DATA:
━━━

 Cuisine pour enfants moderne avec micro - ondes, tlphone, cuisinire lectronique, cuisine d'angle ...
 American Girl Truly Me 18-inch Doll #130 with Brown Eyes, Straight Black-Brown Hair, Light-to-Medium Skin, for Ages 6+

━━━

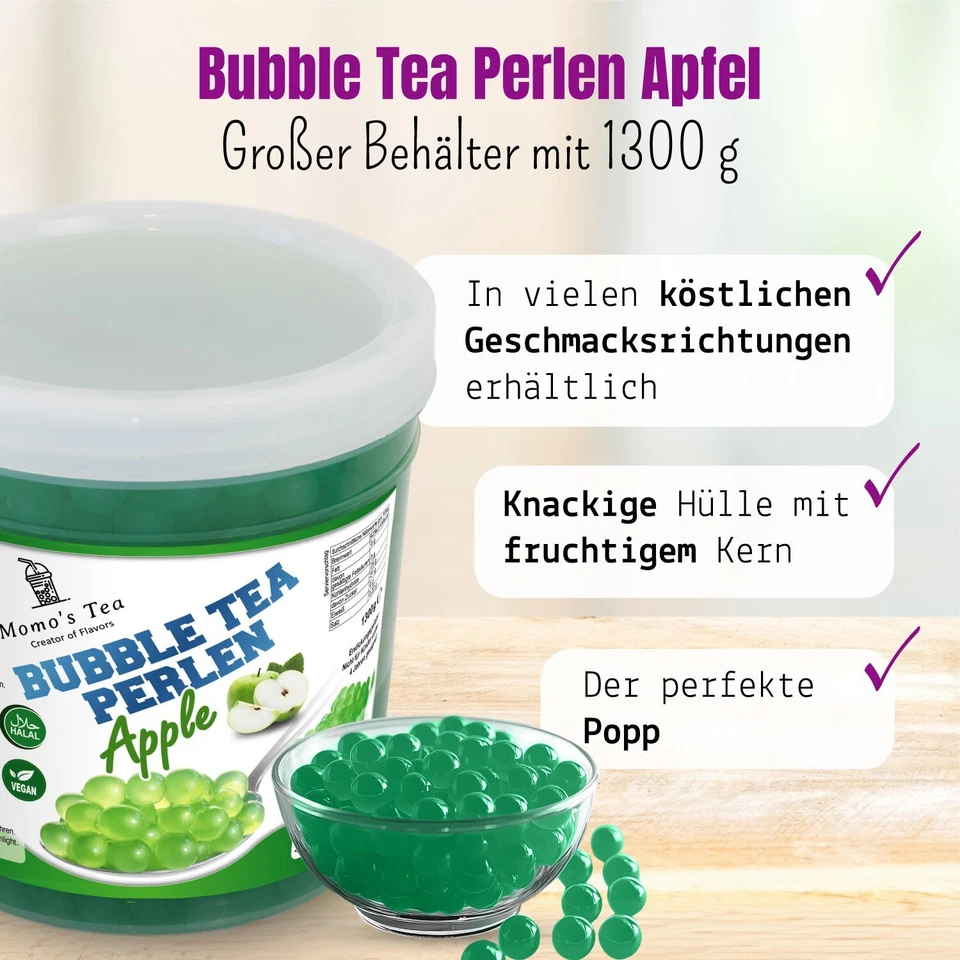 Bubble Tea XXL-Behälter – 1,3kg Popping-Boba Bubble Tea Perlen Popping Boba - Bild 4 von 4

━━━

Will you return exactly the lines above from the one with "Cuisine pour enfants" down to the one with "American Girl Truly", counting both as part of the range?

 Cuisine pour enfants moderne avec micro - ondes, tlphone, cuisinire lectronique, cuisine d'angle ...
 American Girl Truly Me 18-inch Doll #130 with Brown Eyes, Straight Black-Brown Hair, Light-to-Medium Skin, for Ages 6+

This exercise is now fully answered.